I have been puzzled by this concentrated journalistic fire on the German chancellor in recent weeks. Why target her, when the euro crisis clearly did not originate with Germany, and when most country leaders are struggling with their response to the new economic challenge? At this stage, everybody is groping in the dark for a viable economic framework (the division of the US leaders on the virtues of tax reduction vs. stimulus spending constitutes exhibit A), so why zero in on Angela Merkel as particularly incompetent in this crowd of fumbling country leaders?
At the risk of inflaming the debate, these two articles seem to me to tap into both anti-German and anti-women-as-leaders sentiment. One way of hiding our own lack of answers is to find a common enemy, and what better enemy could there be than a German one, and a woman at that? The German thing is annoying because it reflects the continuing parochialism of some portion of the US electorate (witness Herman Cain displaying his utter insensitivity to global affairs in the infamous Uzbekistan interview) (link 4) and the willingness to mobilize against a common imaginary enemy, Germany in this most recent development (although China is the most common boogeyman, hello Donald Trump).
While the xenophobic overtone is annoying, I have particular trouble with the woman thing. I find it striking that both articles describe Angela Merkel as left-brained, analytical tendencies (the lady wrote her doctoral thesis on quantum chemistry) and highlight her lack of human warmth (“nobody really gets close to the chancellor”). What would we want Angela to be? A soft flower seeking men’s help in solving her government’s problems? A “don’t cry for me, Argentina” chancellor? Barack Obama is also predominantly left-brained, analytical and professorial, and arguably struggles with generating empathy among his electorate, yet this is not the stuff of magazine covers.

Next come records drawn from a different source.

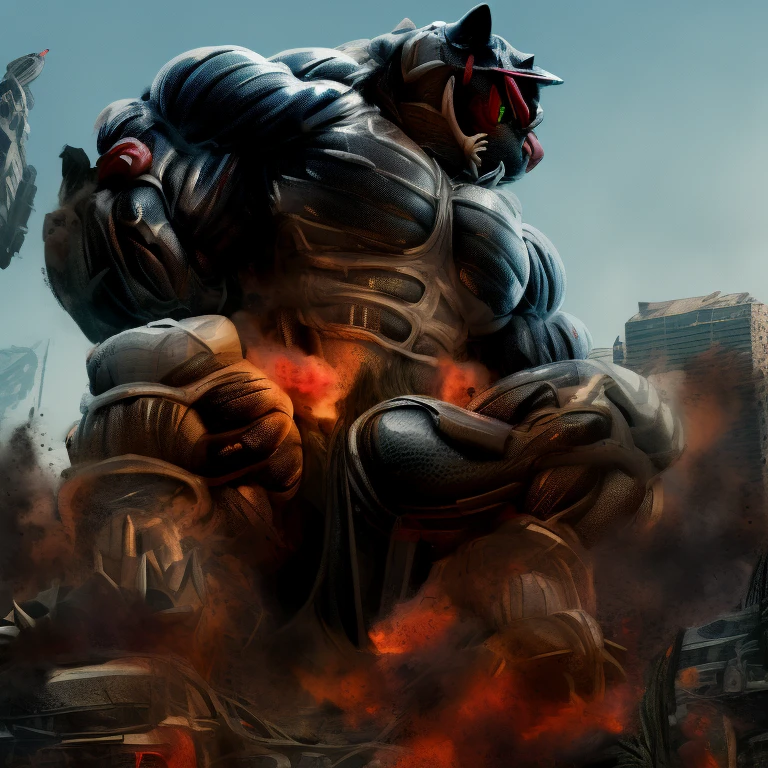 (masterpiece. official art. 8k. best quality. detailed full body. full body.)

(situation 1 : dominating INCINEROAR. focus GIANT mechanical Muscular INCINEROAR is trampling the CITY. macro. stomp. Low-angle perspective. emphasizing the immense size. The perspective is from below, emphasizing the sheer majesty and power of the Giant. giant art. He is much bigger than a skyscraper. Giga Giants. micro city. looking down. Step on the city and destroy it.)

(situation 2 :smoke and flames rising from the destruction in the city)

(Additional details 1: wearing a full-face helmet. helmet is jet black. The color of NANOSUIT is jet black. high-tech bio-mecha armor. real texture material. whole body shines like metal. Wearing cyberpunk mecha. emphasizes the muscles. suit fully made of metal. intricate armor. Robotic suit. suit fully made of metal. NANOSUIT with the same design as INCINEROAR.).

(Additional details 2: (Detailed head. Detailed Body. Detailed abs. gigantic muscles. HYPER MUSCLES. Gigachad Muscular. big muscle. pecs. triceps. traps. unusually developed muscular body. body full of huge muscles. showing off muscles. pectorales enormes. Exaggeratedly huge muscles. huge muscles. long legs.).

(Additional details 3: nj5furry, Spread wings. It has wings. White have big wings. The claws are sharp. Sharp teeth.5 toes.).

(Additional details 4: black color hyper penis. hyper black penis. big penis)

I am particularly troubled by the implicit reference to the lack of femininity of Mrs. Merkel. The unflattering pictures in both articles imply a “she’s not really a woman as we think of women” imagery, which is disturbingly sexist. There have occasionally been unflattering pictures of male leaders in magazines in the past (most recently Mitt Romney on the cover of Time Magazine), but they have not had the same gender-specific quality. Unlike many countries of the world, the US still hasn’t had a woman as its leader (Hillary Clinton came close in her 2008 presidential bid, and she generated some of the same anti-woman sentiment), so we may have to wait until then to see this ugly feature of anti-women-as-leaders sentiment finally fade away.